Menurut para tokoh agama, jika diamati dengan jernih, kecenderungan polarisasi dalam masyarakat akhir-akhir ini  sudah sampai pada tahap yang mengkhawatirkan. Polarisasi itu telah memecah belah bukan saja antar-golongan dan antar-agama dalam masyarakat luas, tetapi sudah mempengaruhi hubungan kekerabatan dalam keluarga yang terpecah hanya karena berbeda pilihan politik.

Tidak hanya itu, polirisasi itu bahkan terasa lebih keras dan destruktif di dalam umat agama yang sama.
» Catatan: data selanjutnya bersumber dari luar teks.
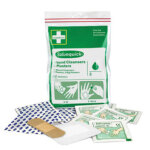 Cederroth salvequick lingettes antiseptiques & pansements Cederroth salvequick lingettes antiseptiques & pansements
Polarisasi ini makin diperburuk karena ruang-ruang sosial  dipenuhi oleh aneka pelintiran kebencian (hate spin), berita bohong (hoax), maupun kampanye hitam (black campaign) yang terstruktur dan massif sebagai dampak dari kultur digital yang baru.

Bertitik dari masalah tersebut, maka para tokoh agama/kepercayaan yang difasilitasi oleh ICRP (Indonesian Conference on Religion and Peace) berkomitmen untuk berbagi keprihatinan dan percikan pemikiran untuk “Meneguhkan Kembali Pancasila” lewat percakapan yang berlangsung santai, jujur, dan dari hati ke hati. 

Oleh karena itu mereka sepakat untuk membangun kerangka dasar bersama (common platform) guna meneguhkan Pancasila sebagai landasan dan etika publik di dalam mengelola kebhinnekaan yang menjadi ciri utama masyarakat multikultural lewat percakapan yang berlangsung santai, jujur, dan dari hati ke hati.